--- Supplied material ---

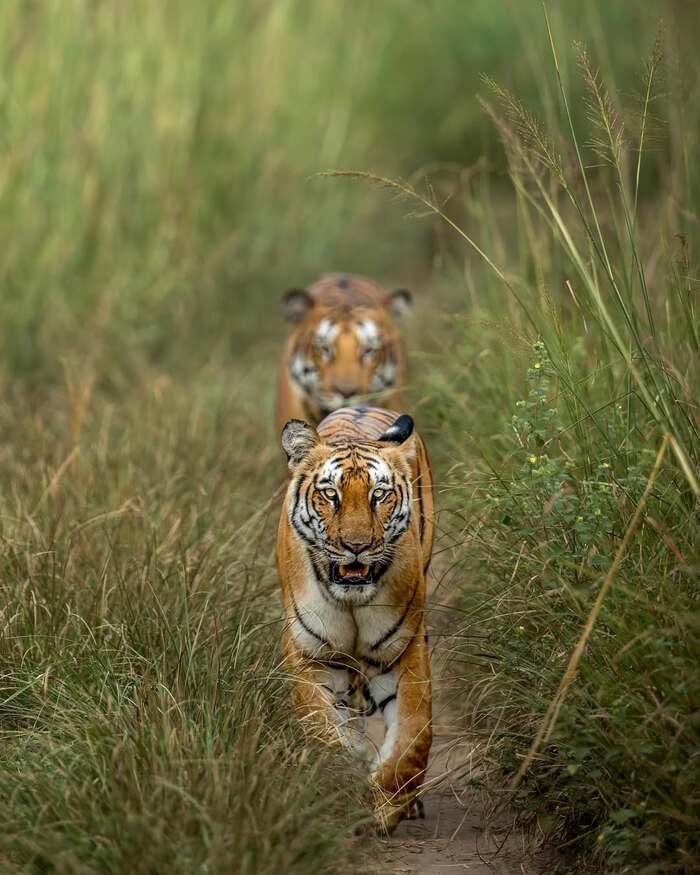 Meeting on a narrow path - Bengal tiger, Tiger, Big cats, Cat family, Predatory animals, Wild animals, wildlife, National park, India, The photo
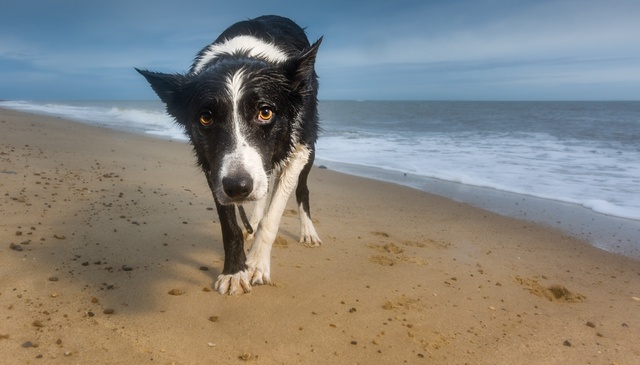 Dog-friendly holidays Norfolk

---
--- Supplied material ---

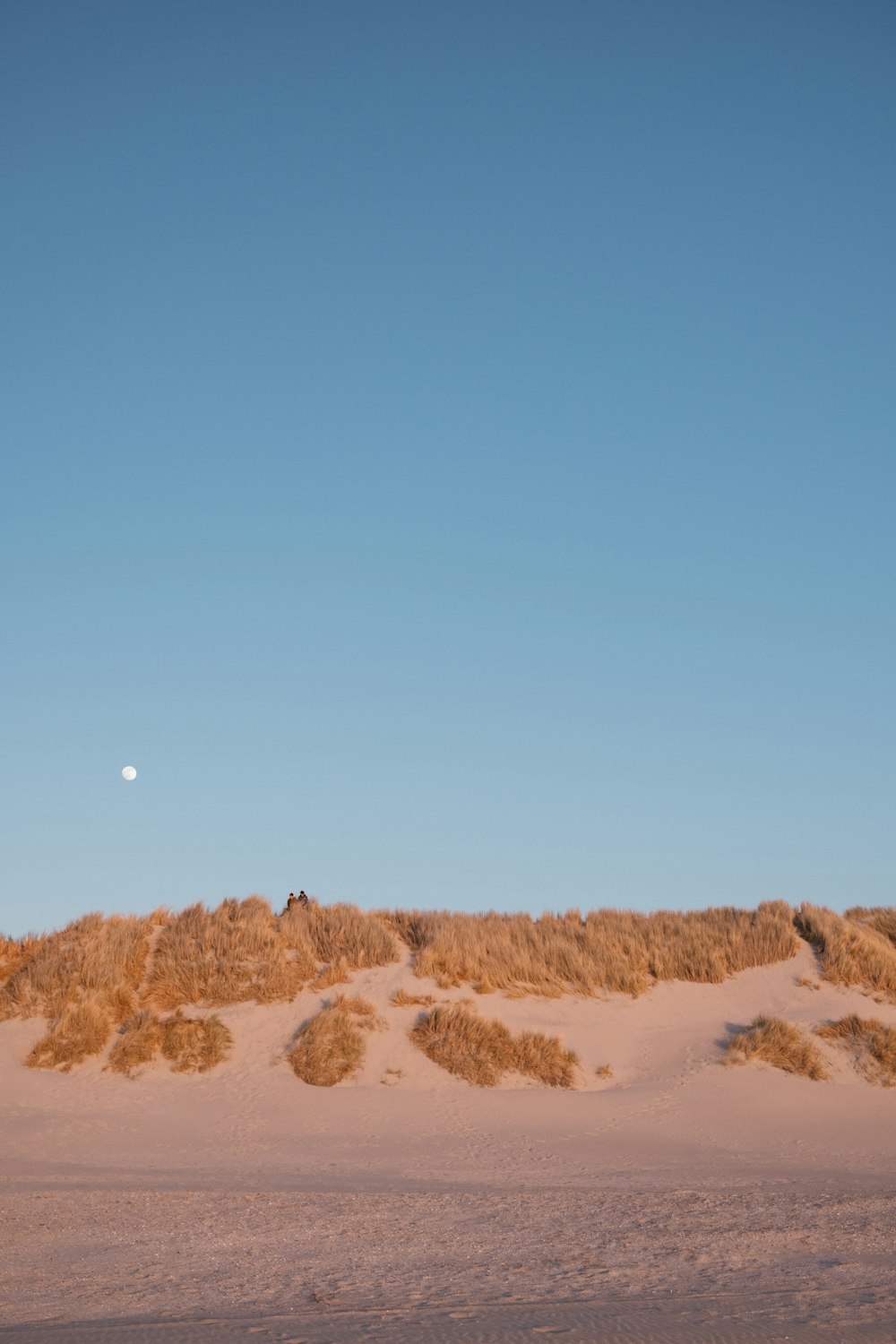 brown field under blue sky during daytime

---
--- Supplied material ---

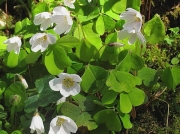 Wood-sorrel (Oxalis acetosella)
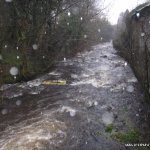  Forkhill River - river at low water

---

_Work instruction_:
What do the entries above read from the line containing "Meeting on a" through the line containing "Dog-friendly holidays Norfolk"? Output those lines exactly, both ends included, with the pictures left out.

_Written response_:
 Meeting on a narrow path - Bengal tiger, Tiger, Big cats, Cat family, Predatory animals, Wild animals, wildlife, National park, India, The photo
 Dog-friendly holidays Norfolk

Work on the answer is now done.